*Exercise materials*
* * * *

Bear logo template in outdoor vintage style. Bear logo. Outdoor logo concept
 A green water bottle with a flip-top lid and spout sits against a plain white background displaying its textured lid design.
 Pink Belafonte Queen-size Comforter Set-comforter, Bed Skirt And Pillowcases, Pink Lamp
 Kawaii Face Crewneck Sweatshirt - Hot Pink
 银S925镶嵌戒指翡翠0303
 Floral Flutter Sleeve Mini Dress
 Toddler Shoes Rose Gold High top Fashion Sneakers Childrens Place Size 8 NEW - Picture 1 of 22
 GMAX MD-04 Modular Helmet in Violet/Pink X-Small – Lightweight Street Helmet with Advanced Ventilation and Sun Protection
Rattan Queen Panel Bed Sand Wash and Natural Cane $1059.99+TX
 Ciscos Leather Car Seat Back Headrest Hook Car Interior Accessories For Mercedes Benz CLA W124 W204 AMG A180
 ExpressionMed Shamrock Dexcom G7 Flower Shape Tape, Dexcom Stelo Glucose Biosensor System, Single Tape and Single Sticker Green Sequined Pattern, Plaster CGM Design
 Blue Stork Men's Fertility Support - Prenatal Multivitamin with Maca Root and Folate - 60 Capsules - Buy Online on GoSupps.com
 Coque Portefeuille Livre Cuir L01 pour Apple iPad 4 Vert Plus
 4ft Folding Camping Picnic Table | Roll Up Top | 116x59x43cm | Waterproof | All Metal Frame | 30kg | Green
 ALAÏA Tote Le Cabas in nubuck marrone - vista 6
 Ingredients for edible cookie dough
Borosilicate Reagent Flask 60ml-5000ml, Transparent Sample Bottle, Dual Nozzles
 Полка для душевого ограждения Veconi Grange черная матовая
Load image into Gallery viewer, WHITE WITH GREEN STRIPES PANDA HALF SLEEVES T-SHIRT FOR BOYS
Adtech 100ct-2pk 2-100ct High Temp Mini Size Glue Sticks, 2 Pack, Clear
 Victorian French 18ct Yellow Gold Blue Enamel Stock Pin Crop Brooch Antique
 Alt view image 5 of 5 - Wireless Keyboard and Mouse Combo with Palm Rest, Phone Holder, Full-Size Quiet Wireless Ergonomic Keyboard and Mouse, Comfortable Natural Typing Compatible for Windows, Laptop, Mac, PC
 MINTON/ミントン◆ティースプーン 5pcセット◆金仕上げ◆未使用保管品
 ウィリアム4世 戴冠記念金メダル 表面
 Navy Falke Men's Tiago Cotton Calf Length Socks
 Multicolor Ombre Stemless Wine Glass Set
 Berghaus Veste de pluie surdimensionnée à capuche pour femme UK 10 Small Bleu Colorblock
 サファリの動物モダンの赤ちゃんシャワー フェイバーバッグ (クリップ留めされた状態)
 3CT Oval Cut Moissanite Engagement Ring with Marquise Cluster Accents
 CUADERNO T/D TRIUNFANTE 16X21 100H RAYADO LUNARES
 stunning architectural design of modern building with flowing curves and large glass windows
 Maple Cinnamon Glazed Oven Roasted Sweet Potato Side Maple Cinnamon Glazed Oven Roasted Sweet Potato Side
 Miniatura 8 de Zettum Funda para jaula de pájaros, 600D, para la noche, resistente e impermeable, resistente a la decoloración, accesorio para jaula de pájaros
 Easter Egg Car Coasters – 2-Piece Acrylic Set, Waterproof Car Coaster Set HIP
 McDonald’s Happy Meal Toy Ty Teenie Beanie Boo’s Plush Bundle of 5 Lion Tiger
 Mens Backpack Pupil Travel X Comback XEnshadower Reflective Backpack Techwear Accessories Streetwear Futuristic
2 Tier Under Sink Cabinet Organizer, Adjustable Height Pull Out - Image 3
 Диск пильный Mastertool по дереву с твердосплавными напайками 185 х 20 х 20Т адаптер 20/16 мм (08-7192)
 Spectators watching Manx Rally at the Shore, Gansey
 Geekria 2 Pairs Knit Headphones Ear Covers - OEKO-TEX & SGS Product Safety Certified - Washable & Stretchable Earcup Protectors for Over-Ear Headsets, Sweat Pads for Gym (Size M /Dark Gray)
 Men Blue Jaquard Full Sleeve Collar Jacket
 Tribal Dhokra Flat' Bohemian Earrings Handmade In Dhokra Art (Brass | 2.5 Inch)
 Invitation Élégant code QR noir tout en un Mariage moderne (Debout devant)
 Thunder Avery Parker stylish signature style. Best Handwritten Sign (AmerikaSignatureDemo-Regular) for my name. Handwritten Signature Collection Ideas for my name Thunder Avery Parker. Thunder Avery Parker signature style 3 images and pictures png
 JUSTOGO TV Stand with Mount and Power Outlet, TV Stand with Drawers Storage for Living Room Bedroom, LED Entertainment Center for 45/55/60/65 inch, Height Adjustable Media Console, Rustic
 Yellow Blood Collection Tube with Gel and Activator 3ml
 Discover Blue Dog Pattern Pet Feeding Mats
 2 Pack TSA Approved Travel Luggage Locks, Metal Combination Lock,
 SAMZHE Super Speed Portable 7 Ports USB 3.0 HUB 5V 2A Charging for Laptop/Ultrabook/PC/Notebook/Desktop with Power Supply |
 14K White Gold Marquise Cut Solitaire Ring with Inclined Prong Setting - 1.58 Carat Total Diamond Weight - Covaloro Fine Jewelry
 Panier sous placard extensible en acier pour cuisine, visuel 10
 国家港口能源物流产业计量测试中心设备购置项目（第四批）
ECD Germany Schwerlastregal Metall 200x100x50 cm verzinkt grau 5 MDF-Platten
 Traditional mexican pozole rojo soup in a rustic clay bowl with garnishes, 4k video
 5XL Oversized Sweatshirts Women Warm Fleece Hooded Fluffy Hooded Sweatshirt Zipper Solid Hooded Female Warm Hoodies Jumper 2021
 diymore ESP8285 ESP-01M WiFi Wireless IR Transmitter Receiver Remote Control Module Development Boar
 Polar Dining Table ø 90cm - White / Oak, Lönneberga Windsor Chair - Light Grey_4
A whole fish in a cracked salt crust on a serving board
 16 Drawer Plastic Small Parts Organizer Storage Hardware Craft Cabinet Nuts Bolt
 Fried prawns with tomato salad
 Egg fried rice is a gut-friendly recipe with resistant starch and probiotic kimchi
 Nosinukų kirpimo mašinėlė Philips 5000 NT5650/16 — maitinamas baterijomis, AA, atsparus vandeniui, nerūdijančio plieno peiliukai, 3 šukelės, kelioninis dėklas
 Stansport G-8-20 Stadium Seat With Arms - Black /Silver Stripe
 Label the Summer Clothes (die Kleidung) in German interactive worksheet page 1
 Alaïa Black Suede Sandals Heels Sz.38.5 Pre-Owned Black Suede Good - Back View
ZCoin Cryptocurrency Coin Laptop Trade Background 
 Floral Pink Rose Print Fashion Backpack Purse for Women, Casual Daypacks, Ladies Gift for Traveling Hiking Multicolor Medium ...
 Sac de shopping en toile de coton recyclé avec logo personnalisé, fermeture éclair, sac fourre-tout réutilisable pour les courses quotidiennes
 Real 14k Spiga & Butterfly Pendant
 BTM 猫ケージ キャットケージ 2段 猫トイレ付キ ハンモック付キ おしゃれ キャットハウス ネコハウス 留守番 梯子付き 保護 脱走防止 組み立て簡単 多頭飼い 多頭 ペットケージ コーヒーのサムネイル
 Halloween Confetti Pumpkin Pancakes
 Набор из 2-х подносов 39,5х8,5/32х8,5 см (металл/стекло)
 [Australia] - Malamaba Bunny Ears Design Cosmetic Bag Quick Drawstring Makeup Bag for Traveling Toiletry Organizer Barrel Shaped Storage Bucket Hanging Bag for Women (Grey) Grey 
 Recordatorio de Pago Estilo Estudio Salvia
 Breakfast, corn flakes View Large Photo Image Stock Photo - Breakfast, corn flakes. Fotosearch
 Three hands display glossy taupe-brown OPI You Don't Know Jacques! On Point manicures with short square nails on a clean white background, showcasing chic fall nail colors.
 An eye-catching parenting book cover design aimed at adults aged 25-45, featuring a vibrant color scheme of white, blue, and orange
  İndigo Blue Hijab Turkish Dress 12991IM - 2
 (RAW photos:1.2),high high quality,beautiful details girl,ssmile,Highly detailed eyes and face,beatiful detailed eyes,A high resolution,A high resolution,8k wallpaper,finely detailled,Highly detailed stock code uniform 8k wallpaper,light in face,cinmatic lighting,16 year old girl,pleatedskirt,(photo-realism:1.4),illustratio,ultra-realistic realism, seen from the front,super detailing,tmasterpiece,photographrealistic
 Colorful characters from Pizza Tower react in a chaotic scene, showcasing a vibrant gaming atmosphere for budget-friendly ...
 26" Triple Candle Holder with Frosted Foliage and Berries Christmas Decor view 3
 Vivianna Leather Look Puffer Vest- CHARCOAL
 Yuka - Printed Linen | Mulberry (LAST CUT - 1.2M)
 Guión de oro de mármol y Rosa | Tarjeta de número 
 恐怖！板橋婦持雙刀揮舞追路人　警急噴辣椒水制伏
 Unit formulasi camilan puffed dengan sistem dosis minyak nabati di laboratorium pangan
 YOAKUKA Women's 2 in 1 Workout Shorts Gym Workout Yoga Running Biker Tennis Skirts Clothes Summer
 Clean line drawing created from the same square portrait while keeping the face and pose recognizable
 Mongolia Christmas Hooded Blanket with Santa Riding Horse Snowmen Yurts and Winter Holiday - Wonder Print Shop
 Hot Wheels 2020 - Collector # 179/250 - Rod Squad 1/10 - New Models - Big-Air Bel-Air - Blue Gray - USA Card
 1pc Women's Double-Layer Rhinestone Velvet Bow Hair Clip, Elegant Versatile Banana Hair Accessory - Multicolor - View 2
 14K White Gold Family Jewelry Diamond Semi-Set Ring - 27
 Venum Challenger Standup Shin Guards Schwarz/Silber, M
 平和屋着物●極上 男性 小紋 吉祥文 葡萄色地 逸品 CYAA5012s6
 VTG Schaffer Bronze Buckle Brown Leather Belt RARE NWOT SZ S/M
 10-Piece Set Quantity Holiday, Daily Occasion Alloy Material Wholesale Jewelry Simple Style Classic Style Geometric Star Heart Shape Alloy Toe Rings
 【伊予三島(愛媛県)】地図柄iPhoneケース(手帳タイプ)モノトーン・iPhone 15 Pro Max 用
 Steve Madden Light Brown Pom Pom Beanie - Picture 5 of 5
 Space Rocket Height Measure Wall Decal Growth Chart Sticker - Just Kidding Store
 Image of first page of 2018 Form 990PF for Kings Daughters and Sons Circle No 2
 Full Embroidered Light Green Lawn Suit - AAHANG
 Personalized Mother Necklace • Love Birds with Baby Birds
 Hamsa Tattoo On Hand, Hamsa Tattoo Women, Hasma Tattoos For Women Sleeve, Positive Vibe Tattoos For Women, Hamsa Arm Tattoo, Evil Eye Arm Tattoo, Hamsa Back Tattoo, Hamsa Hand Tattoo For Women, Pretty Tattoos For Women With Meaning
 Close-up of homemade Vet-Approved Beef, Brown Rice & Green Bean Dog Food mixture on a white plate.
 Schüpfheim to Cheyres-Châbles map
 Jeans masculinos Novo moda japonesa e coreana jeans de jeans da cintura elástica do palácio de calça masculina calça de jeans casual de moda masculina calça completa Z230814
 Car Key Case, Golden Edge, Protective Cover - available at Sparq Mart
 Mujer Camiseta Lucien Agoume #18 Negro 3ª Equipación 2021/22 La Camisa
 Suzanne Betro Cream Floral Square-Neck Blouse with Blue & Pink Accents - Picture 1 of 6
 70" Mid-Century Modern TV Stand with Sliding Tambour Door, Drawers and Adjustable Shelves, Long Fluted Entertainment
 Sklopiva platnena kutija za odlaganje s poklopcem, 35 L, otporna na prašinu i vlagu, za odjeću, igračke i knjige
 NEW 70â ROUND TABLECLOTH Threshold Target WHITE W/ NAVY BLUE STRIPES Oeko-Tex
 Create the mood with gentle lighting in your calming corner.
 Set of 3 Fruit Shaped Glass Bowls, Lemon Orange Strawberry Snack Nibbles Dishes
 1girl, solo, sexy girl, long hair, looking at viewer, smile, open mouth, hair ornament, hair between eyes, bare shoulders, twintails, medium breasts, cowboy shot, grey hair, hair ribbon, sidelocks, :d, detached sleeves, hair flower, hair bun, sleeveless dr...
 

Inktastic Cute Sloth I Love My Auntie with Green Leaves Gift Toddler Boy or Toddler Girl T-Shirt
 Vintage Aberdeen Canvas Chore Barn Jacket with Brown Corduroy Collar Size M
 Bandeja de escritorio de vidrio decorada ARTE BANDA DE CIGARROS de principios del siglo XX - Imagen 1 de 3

* * * *

*What is needed*
Starting at the line above that holds "Mongolia Christmas Hooded" and ending at the line that holds "Personalized Mother Necklace", transcribe each line exactly and include no other lines.

*Answer for the task*
 Mongolia Christmas Hooded Blanket with Santa Riding Horse Snowmen Yurts and Winter Holiday - Wonder Print Shop
 Hot Wheels 2020 - Collector # 179/250 - Rod Squad 1/10 - New Models - Big-Air Bel-Air - Blue Gray - USA Card
 1pc Women's Double-Layer Rhinestone Velvet Bow Hair Clip, Elegant Versatile Banana Hair Accessory - Multicolor - View 2
 14K White Gold Family Jewelry Diamond Semi-Set Ring - 27
 Venum Challenger Standup Shin Guards Schwarz/Silber, M
 平和屋着物●極上 男性 小紋 吉祥文 葡萄色地 逸品 CYAA5012s6
 VTG Schaffer Bronze Buckle Brown Leather Belt RARE NWOT SZ S/M
 10-Piece Set Quantity Holiday, Daily Occasion Alloy Material Wholesale Jewelry Simple Style Classic Style Geometric Star Heart Shape Alloy Toe Rings
 【伊予三島(愛媛県)】地図柄iPhoneケース(手帳タイプ)モノトーン・iPhone 15 Pro Max 用
 Steve Madden Light Brown Pom Pom Beanie - Picture 5 of 5
 Space Rocket Height Measure Wall Decal Growth Chart Sticker - Just Kidding Store
 Image of first page of 2018 Form 990PF for Kings Daughters and Sons Circle No 2
 Full Embroidered Light Green Lawn Suit - AAHANG
 Personalized Mother Necklace • Love Birds with Baby Birds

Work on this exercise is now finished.